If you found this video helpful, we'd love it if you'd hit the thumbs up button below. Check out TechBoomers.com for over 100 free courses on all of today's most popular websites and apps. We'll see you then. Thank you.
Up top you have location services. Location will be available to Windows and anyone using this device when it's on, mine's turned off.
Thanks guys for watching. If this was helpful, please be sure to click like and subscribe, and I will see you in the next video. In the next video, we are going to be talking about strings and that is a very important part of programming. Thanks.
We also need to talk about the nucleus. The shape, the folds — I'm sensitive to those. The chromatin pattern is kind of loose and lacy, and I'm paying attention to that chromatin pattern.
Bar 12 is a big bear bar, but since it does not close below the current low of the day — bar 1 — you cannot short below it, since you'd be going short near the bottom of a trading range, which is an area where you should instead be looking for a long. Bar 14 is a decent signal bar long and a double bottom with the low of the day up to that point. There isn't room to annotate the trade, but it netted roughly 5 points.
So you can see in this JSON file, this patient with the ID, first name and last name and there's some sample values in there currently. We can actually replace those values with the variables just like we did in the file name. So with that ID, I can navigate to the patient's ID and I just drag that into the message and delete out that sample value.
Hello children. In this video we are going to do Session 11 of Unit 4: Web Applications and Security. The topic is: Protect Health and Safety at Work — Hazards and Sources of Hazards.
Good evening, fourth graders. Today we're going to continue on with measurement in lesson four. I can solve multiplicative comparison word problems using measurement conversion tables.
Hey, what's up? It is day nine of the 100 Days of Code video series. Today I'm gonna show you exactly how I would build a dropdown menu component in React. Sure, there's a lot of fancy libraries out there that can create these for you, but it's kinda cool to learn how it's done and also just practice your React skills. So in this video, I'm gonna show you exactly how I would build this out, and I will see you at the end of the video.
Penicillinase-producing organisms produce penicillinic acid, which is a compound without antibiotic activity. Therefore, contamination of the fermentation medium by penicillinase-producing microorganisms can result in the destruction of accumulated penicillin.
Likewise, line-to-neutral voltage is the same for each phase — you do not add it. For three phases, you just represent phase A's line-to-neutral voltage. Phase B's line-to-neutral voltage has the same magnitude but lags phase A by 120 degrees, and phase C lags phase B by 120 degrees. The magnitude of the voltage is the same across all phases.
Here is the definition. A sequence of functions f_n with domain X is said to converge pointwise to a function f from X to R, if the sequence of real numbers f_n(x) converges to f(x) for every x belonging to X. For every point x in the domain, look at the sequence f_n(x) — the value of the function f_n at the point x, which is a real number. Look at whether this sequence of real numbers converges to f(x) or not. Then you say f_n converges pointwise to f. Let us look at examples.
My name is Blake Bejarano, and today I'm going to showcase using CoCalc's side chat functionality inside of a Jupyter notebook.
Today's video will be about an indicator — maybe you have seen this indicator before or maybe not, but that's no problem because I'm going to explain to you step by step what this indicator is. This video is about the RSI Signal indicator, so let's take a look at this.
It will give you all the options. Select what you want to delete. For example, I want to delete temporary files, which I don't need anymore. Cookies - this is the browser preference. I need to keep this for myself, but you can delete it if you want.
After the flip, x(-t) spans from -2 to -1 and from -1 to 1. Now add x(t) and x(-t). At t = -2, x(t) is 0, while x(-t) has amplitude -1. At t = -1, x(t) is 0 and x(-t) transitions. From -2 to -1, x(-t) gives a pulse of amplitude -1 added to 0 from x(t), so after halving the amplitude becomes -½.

###

[Exercise brief]:
Without omitting anything, output the entries exactly.

[Exercise solution]:
If you found this video helpful, we'd love it if you'd hit the thumbs up button below. Check out TechBoomers.com for over 100 free courses on all of today's most popular websites and apps. We'll see you then. Thank you.
Up top you have location services. Location will be available to Windows and anyone using this device when it's on, mine's turned off.
Thanks guys for watching. If this was helpful, please be sure to click like and subscribe, and I will see you in the next video. In the next video, we are going to be talking about strings and that is a very important part of programming. Thanks.
We also need to talk about the nucleus. The shape, the folds — I'm sensitive to those. The chromatin pattern is kind of loose and lacy, and I'm paying attention to that chromatin pattern.
Bar 12 is a big bear bar, but since it does not close below the current low of the day — bar 1 — you cannot short below it, since you'd be going short near the bottom of a trading range, which is an area where you should instead be looking for a long. Bar 14 is a decent signal bar long and a double bottom with the low of the day up to that point. There isn't room to annotate the trade, but it netted roughly 5 points.
So you can see in this JSON file, this patient with the ID, first name and last name and there's some sample values in there currently. We can actually replace those values with the variables just like we did in the file name. So with that ID, I can navigate to the patient's ID and I just drag that into the message and delete out that sample value.
Hello children. In this video we are going to do Session 11 of Unit 4: Web Applications and Security. The topic is: Protect Health and Safety at Work — Hazards and Sources of Hazards.
Good evening, fourth graders. Today we're going to continue on with measurement in lesson four. I can solve multiplicative comparison word problems using measurement conversion tables.
Hey, what's up? It is day nine of the 100 Days of Code video series. Today I'm gonna show you exactly how I would build a dropdown menu component in React. Sure, there's a lot of fancy libraries out there that can create these for you, but it's kinda cool to learn how it's done and also just practice your React skills. So in this video, I'm gonna show you exactly how I would build this out, and I will see you at the end of the video.
Penicillinase-producing organisms produce penicillinic acid, which is a compound without antibiotic activity. Therefore, contamination of the fermentation medium by penicillinase-producing microorganisms can result in the destruction of accumulated penicillin.
Likewise, line-to-neutral voltage is the same for each phase — you do not add it. For three phases, you just represent phase A's line-to-neutral voltage. Phase B's line-to-neutral voltage has the same magnitude but lags phase A by 120 degrees, and phase C lags phase B by 120 degrees. The magnitude of the voltage is the same across all phases.
Here is the definition. A sequence of functions f_n with domain X is said to converge pointwise to a function f from X to R, if the sequence of real numbers f_n(x) converges to f(x) for every x belonging to X. For every point x in the domain, look at the sequence f_n(x) — the value of the function f_n at the point x, which is a real number. Look at whether this sequence of real numbers converges to f(x) or not. Then you say f_n converges pointwise to f. Let us look at examples.
My name is Blake Bejarano, and today I'm going to showcase using CoCalc's side chat functionality inside of a Jupyter notebook.
Today's video will be about an indicator — maybe you have seen this indicator before or maybe not, but that's no problem because I'm going to explain to you step by step what this indicator is. This video is about the RSI Signal indicator, so let's take a look at this.
It will give you all the options. Select what you want to delete. For example, I want to delete temporary files, which I don't need anymore. Cookies - this is the browser preference. I need to keep this for myself, but you can delete it if you want.
After the flip, x(-t) spans from -2 to -1 and from -1 to 1. Now add x(t) and x(-t). At t = -2, x(t) is 0, while x(-t) has amplitude -1. At t = -1, x(t) is 0 and x(-t) transitions. From -2 to -1, x(-t) gives a pulse of amplitude -1 added to 0 from x(t), so after halving the amplitude becomes -½.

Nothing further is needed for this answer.